South vs North Bulgaria – connectivity vs polycentrism
Bulgaria’s strong industrial centers in the south down the Sofia-Plovdiv-Stara Zagora-Burgas axis attract investments with their good social environment, Peter Ganev, senior researcher at the Institute for Market Economy, told Trending Topics SEE. They have universities, active young people, developed social and cultural systems, and great options for industrial businesses in their periphery. Therefore, they attract “highly skilled workers and respectively provide companies that operate in high added value sectors with very good overall conditions”, he added, pointing out Bulgaria’s
relatively low tax base and cheaper labour compared to other EU countries
In the north, Sofia and the coastal city of Varna exist in a polycentric environment with secondary centers, which fail to attract or keep workers, have lower investment dynamics, and are more industrialized compared to the rest of Bulgaria. Varna is the only region in the north where demographics for the past 10 years have been positive. The city has seen rising investments made in the local ICT sector, which in turn has benefited tourism.

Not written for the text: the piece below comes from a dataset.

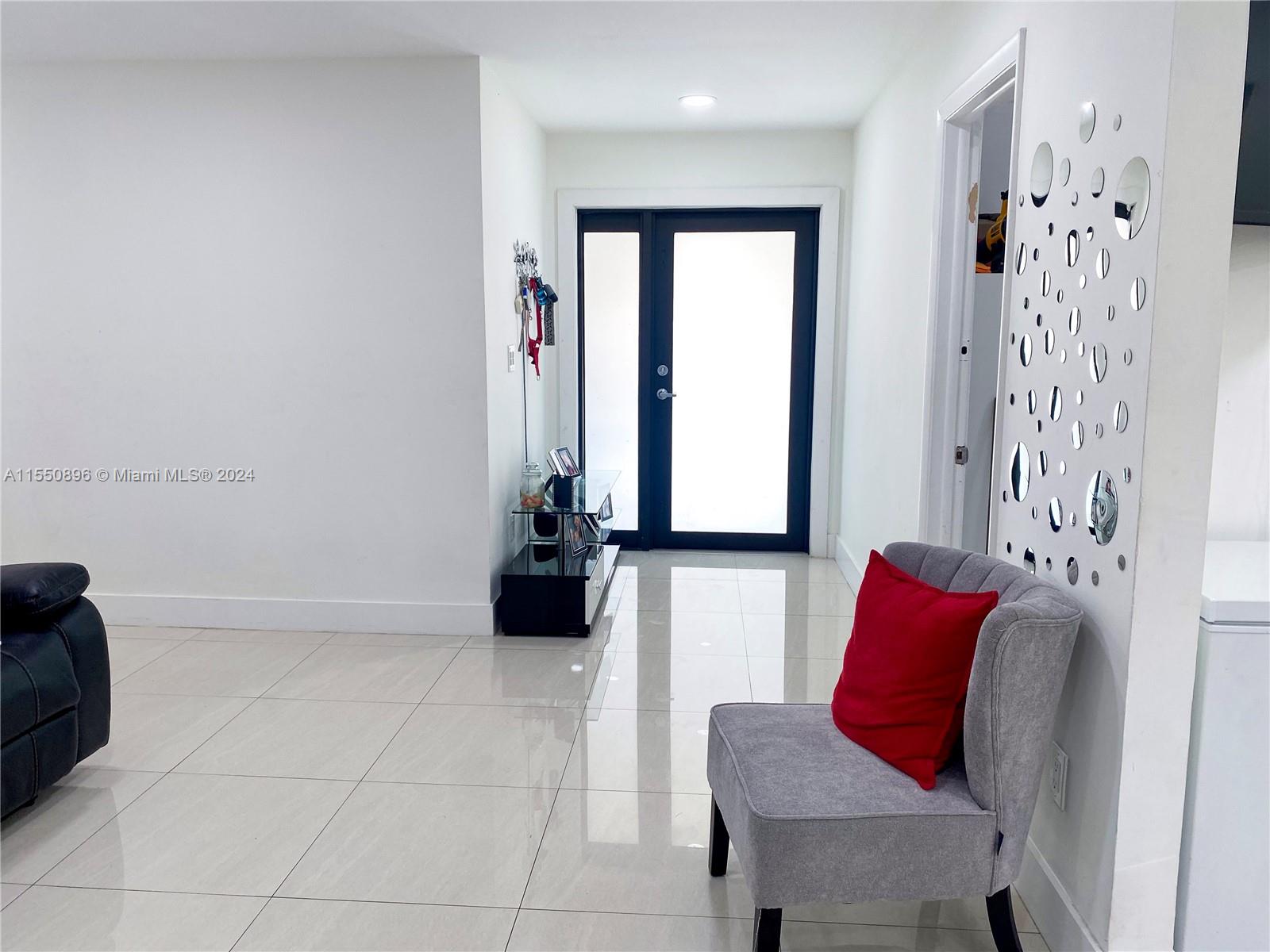 11032 Southwest 5th Street Sweetwater, FL 33174 - Photo 15 of 24 a living room with furniture and a couch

“Plovdiv, Varna and Burgas have been experiencing growth in digital services,” said Peter Ganev. According to him, these cities offer great opportunities for industrial developments in their peripheries.
Sofia, meanwhile, is the focus of almost all ICT, outsourcing, and service businesses, which offer the highest average pay in the local economy.
“All cities are competing for investments in digital services, but there will be enough for everyone,
including for secondary centers such as Gabrovo, Veliko Tarnovo, or Ruse,”Ganev pointed out.
The economist is optimistic when it comes to competition between the regions. He believes investors looking for land plots and workforce in production or high added value services will head south, while companies operating in the processing industry, which has a key role in the economy in almost all Bulgarian regions but Sofia, will focus their investments in the poorer regions, mainly concentrated in the north.
“It all depends on the investment profile.
It is good that a growing number of regions are looking for their intelligent specialization; They have teams that can help investors find what’s best for them. They work together and guide investors to other regions. This strengthens Bulgaria’s positions as an investment destination and will definitely have positive impact,” Ganev concluded.